**EXERCISE DIRECTIONS:**
Your reply should reproduce each line below exactly and carry none of the pictures.

**RECORDED INFORMATION:**

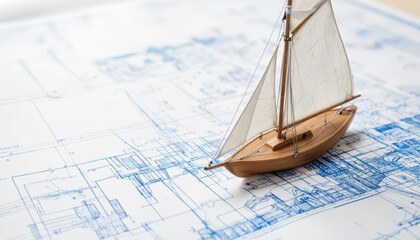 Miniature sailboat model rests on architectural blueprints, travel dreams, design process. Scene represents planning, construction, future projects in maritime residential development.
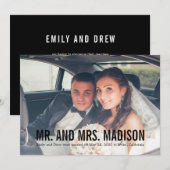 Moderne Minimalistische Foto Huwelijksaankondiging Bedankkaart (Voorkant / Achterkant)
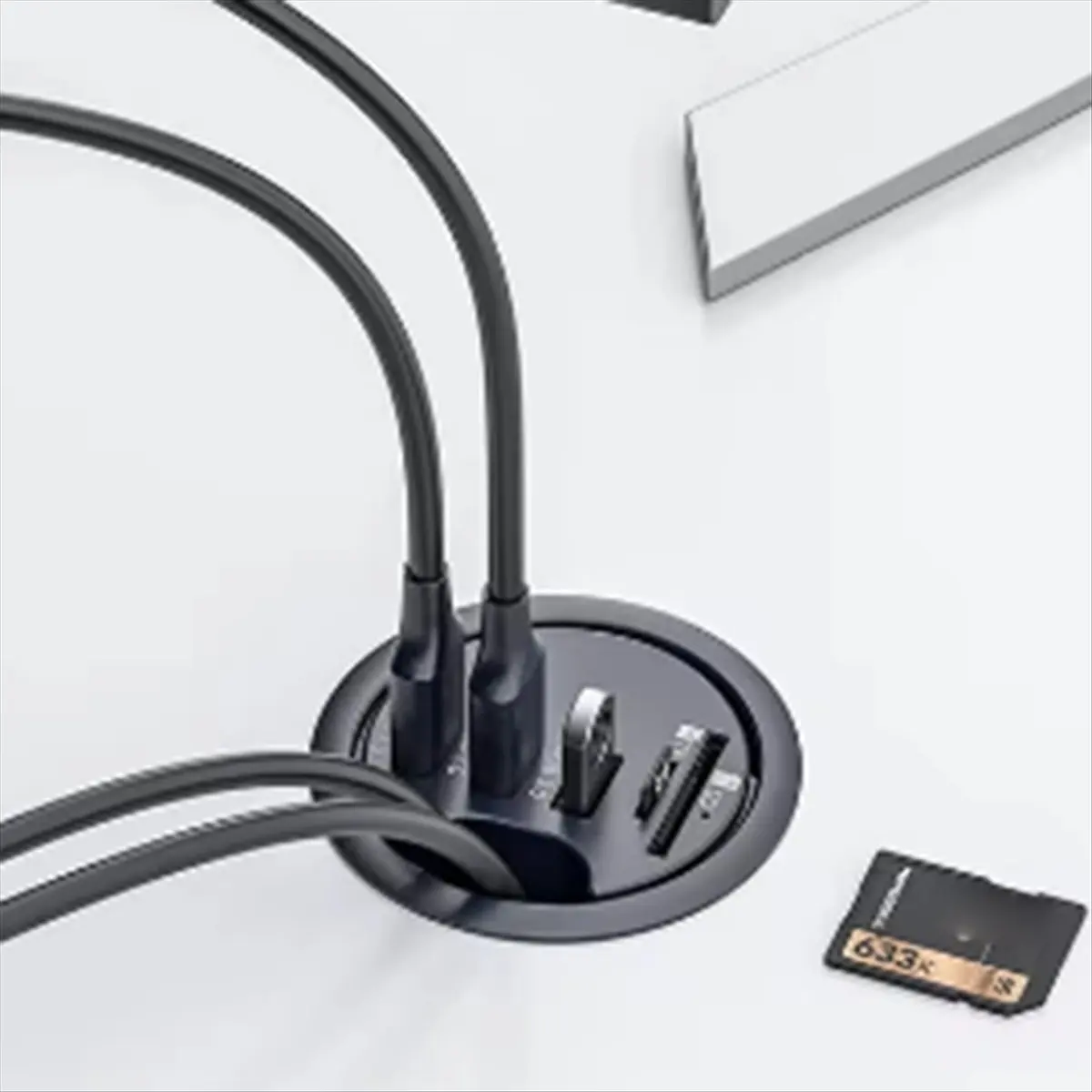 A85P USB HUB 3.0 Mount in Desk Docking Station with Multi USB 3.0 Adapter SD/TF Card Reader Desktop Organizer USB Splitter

**TASK SOLUTION:**
 Miniature sailboat model rests on architectural blueprints, travel dreams, design process. Scene represents planning, construction, future projects in maritime residential development.
 Moderne Minimalistische Foto Huwelijksaankondiging Bedankkaart (Voorkant / Achterkant)
 A85P USB HUB 3.0 Mount in Desk Docking Station with Multi USB 3.0 Adapter SD/TF Card Reader Desktop Organizer USB Splitter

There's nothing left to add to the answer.